Penn State Hospitality Professor and Lodging Hospitality Contributing Editor John O'Neill, was able to share some historical data on the severe drop in hotel values in the past year. According to the Penn State Index of U.S. Hotel Values, lodging values have dropped 17 percent this year, with properties at the top and bottom of the segment spectrum hit especially hard.

“Values should increase by .04 percent in 2010, but the gains will be uneven,” said O'Neill. “The increases won't start at the beginning of the year, and we're still forecasting decreases for the luxury segment.”

The panelists agreed the unavailability of debt is a significant factor in the uncertainty surrounding value. “At some point, buyers are going to start acquiring hotels,” said Dan Beider, senior managing director and chairman of Paramount Lodging Advisors. “And once they focus on a particular segment, values will become clearer and begin to rise.”

The panelists had a lively debate over the best valuation techniques to employ in this volatile market. According to O'Neill, “occupancy and rate, rather than net operating income, are better predictors of value; thus, a revenue multiplier is a useful tool in valuations.”

Suzanne Mellen, managing director of HVS San Francisco and Las Vegas, says it can be a mistake to rely on the rooms multiplier technique. She advocates using a discounted cash flow analysis that assumes the property will be refinanced in the future once credit markets return to normalcy.

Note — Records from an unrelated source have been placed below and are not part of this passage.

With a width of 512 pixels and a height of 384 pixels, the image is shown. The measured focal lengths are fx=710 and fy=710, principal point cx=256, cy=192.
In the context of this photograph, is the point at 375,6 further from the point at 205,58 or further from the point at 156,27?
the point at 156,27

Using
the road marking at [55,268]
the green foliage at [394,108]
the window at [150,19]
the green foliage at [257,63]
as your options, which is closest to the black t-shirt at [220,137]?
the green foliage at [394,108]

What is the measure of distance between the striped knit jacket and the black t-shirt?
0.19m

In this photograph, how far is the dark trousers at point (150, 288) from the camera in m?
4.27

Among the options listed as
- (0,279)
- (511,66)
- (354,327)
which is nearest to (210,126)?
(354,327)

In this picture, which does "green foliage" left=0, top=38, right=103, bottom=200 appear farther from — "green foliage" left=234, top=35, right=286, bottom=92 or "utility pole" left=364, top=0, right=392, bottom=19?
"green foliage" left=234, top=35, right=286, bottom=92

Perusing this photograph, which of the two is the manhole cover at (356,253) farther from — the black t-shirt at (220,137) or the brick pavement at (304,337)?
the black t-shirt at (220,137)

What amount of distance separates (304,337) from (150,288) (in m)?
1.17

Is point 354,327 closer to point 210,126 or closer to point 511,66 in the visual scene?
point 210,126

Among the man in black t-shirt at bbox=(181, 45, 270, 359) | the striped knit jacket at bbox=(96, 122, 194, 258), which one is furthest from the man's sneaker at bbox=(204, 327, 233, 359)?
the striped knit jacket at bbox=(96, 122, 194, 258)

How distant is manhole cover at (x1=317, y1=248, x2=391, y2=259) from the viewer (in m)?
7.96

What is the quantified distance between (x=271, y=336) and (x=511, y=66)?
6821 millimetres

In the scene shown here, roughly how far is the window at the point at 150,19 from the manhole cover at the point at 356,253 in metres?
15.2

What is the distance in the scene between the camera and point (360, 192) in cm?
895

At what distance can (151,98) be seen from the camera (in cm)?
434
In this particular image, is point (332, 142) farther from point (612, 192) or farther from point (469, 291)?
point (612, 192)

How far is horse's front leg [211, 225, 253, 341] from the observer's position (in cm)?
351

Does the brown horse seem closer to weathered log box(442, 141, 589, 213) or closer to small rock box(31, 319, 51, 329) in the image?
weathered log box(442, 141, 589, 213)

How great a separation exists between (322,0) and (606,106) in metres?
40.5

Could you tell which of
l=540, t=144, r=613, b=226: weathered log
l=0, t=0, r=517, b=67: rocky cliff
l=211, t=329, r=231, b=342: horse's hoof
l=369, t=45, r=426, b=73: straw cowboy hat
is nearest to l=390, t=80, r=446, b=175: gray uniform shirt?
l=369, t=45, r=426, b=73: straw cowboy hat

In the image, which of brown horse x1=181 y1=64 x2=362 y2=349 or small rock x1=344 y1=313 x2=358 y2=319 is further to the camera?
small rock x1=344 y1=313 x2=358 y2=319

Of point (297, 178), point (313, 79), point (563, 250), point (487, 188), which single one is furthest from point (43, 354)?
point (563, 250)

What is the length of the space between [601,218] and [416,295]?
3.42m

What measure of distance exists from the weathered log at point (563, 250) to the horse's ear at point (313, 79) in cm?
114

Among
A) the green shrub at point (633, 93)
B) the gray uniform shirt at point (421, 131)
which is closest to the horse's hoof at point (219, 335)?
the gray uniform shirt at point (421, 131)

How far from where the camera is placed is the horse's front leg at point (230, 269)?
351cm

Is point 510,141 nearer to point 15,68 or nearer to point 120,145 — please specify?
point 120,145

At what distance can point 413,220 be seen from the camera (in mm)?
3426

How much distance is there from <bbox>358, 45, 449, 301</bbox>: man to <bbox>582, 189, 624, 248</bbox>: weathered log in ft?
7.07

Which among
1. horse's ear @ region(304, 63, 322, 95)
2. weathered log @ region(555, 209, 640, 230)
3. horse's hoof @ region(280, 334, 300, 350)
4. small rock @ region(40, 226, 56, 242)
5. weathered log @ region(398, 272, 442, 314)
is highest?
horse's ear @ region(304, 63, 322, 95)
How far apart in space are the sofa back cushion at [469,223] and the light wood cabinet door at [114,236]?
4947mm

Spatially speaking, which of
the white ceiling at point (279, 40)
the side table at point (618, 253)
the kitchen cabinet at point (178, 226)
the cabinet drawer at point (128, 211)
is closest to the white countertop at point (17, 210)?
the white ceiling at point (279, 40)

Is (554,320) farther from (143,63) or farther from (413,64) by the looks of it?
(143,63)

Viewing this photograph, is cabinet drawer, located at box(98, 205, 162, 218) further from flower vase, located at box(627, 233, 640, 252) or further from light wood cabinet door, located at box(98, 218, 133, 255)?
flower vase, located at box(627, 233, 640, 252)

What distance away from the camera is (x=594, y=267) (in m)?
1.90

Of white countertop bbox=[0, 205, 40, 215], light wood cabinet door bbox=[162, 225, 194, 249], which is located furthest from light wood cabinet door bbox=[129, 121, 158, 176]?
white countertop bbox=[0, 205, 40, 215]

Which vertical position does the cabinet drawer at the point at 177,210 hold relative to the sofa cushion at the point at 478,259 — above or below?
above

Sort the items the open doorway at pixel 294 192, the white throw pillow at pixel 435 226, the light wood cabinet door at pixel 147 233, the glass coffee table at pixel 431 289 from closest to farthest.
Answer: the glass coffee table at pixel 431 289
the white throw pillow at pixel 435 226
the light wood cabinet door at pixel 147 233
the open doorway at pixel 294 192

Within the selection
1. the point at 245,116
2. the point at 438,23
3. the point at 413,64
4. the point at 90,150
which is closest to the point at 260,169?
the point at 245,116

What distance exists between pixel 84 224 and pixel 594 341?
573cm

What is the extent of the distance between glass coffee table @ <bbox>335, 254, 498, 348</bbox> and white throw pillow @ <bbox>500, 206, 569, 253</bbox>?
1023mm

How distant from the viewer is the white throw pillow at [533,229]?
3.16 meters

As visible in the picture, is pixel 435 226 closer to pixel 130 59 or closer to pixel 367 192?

Following the general session panel on valuation, Professor Ray Schmidgall of The School of Hospitality Business at Michigan State unveiled a new tool developers can use to gauge which markets are ripe for development. The Lodging Market Potential Index, which was developed at The School, uses a matrix of 10 data dimensions to determine the cities with the highest long-term potential for hotel investment. Three indices — hotel market performance, market performance growth and hotel supply and absorption rates — account for more than half of the Index. Other factors range from tourism trends to the performance of all commercial real estate.

A preliminary Index ranking of 16 markets released by Dr. Schmidgall shows New York City at the top, followed by San Francisco and Miami (tied) and then Houston and Orlando.

Four Midwest markets — Chicago, Minneapolis, St. Louis and Detroit — were among the bottom five.